Salsabeel now lives in the north of Gaza with her husband and two children. Their house was damaged. They fled several times. Her voice trembles when she describes war as the darkest period of her life. But it is the news of the Corridor of Netanyahu – Rafah transformed into a military stamp – which cut the most deeply.
“What does Rafah be able to annex?” Does that mean that I will not go back to my father? This rafah will not exist? “
Salsabeel Jabr Abdullah Awad
She had scrolled her phone when she saw the title. His breath took. His fingers froze.
“What does Rafah think about it?” She whispers. “Does that mean that I will not go back to my father’s?” This rafah will not exist? “
His father had paid his life into this house. He had bought the land before his birth, finished reimbursing him ten years later, then built space by room, floor per floor. The pantry was filled with marinated olive pots and thyme. There was an iron door on a small shelter in their garden. When his father took him there, they slept under mosquito nets and woke up with the sun that shone through the lemon tree.
“I know every corner of this city,” she says. “Each store, each shortcut, the face of each neighbor. Rafah is not just where I come from – that’s where I left for the university and I felt as if I had crossed the borders. But when we returned Rafah, through Kfar Morag, it was as if my lungs started to work again.”
Even now, the corridors have transformed into military zones and the reservoirs in motion, Rafah’s muscular memory remains. Salsabeel closes her eyes and sees his father’s yellow car, shaking hen nests as they went to the sea. His little sister in the trunk, tightening with pleasure. His mother in the kitchen sorts from the Greens. His father is sitting cross with his grandchildren, laughing while taking lemons.
Her father, now elderly and proud, still refuses charity. “What will happen to him?” she asked. “A man who gave everything for his land-will he eventually sleep on a sidewalk?”

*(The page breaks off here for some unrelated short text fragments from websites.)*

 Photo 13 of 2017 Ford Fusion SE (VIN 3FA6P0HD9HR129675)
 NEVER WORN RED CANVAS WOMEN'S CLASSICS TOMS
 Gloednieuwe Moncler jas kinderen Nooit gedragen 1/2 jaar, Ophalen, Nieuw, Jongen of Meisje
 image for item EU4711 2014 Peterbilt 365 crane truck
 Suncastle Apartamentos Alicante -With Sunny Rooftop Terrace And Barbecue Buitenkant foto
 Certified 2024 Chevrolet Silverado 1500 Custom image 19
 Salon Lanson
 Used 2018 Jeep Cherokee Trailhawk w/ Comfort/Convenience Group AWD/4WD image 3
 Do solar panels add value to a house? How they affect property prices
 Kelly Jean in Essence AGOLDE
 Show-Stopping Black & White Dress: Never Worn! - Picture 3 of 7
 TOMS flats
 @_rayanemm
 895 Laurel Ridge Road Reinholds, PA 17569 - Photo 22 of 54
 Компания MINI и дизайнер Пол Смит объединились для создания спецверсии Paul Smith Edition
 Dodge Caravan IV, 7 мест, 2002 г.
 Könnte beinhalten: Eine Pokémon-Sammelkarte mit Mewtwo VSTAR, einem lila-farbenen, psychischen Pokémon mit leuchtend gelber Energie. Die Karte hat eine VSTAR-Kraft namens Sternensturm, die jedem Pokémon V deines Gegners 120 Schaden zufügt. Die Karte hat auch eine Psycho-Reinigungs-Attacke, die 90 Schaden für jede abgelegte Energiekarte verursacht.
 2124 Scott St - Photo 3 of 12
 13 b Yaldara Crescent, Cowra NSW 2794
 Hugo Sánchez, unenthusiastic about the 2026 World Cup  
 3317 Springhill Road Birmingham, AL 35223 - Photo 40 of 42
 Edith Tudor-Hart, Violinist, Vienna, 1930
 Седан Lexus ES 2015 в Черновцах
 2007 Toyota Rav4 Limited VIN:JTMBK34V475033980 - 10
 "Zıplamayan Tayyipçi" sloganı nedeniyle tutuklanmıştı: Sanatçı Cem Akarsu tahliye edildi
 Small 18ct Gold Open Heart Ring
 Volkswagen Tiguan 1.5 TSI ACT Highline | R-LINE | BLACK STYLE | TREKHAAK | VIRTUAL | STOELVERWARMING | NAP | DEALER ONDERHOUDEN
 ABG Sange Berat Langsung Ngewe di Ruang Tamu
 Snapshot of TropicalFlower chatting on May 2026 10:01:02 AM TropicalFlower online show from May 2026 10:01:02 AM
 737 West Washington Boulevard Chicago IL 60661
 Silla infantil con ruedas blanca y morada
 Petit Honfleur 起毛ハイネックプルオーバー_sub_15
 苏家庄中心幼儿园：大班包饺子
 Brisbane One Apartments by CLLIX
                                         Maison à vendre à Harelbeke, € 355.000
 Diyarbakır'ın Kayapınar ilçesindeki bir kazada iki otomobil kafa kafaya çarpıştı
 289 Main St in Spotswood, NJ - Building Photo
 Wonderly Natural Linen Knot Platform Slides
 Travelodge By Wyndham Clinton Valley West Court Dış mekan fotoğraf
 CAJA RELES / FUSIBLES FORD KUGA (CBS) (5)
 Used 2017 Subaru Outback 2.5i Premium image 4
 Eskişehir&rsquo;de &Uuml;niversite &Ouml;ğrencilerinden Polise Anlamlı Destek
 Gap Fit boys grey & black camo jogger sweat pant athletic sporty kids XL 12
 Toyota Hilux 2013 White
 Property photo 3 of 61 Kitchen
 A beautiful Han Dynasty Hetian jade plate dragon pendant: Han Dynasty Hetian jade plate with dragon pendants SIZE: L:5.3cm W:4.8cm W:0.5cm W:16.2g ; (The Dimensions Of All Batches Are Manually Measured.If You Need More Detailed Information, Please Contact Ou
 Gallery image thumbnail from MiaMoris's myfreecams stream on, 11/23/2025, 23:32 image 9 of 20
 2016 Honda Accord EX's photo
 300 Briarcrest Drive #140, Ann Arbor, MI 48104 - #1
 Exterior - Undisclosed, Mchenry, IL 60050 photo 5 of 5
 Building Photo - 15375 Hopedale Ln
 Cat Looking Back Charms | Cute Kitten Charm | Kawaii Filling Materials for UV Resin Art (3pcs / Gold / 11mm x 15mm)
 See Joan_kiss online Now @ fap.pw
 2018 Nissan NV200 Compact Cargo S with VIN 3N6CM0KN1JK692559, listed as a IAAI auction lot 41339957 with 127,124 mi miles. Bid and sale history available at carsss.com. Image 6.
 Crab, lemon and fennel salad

The Morag corridor could claim to offer security to Israel. But what he erodes – quietly, daily – is dignity. Memory. Membership. The corridor can be a geopolitical strategy for some, but for it – and for thousands of others – it’s a sentence. A threat. A line that they are told not to cross.
This story is not over. The tanks are still there and our city is currently shaved on the ground. Families, although dispersed, always whisper the name of their city as if that could summon it.